Saturday, March 23, 2013

Kımızın da kökü dışarıdaymış, tüh


Bir okur mektubu vesilesiyle tekrar çek ettim, kımız’ın kökeni hakkında kuşkuya yer yok, Türklerin öz ulusal içkisi de maalesef viski kola ve ice tea kadar yabancı bir mamul.
Arapça hâmız حامز ilk akla gelen olasılık, “ekşi” ve “ekşimiş süt” demek. Ama bu olamaz, çünkü, bir, h > k dönüşümünü açıklayamayız; iki, 10. yüzyıl Uygurcasında Arapça alıntı zor. Hem öyle olsa Kaşgarlı’nın gözünden kaçmazdı, Türkçe kadar Arapçanın da alimidir.

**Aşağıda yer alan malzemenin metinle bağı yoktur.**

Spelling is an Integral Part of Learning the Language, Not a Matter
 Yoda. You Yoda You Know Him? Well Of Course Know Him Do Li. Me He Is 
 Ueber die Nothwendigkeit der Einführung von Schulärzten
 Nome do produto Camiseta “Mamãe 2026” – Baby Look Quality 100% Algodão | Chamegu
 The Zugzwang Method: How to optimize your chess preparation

Arapçanın amcaoğlu olan Süryaniceye bakınca konu aydınlanıyor: xırıltılı xı ve sad ile xamıs ܚܰܡܨ “ekşi” veya “maya, mayalanmış hamur veya içecek”. Yahudiceye de aynen geçmiş, bugünkü telaffuzuyla xametz חָמְצ yazılıyor, “hamursuz bayramında yenmesi caiz olmayan mayalı hamur” anlamında. Baştaki x sesi Ortaasya Türkçesine daima /k/ olarak geçer.
Aramice/Süryanice kullanan İran Hıristiyanlarının 8. ve 9. yüzyıllarda Ortaasya’da son derece faal olduklarını, 760 küsur yılında Çin’in başkenti Xian’da bir piskoposluk kurduklarını, aşağı yukarı aynı yıllarda Uygur kağanlarının Nasturi mezhebinde Hıristiyanlığı benimsediklerini ve yüz yıl kadar o yolda yürüdüklerini biliyoruz. 9. yüzyılda Süryaniceden Uygur Türkçesine bir sürü dinî metin çevrilmiş. Oruc, namaz, çalap-çelebi ile beraber kımız da o günlerde Türkçeye ithal edilmiş olmalı.
Zaten o kadar berbat bir şey ki, kökü dışarıda olmasa şaşardık.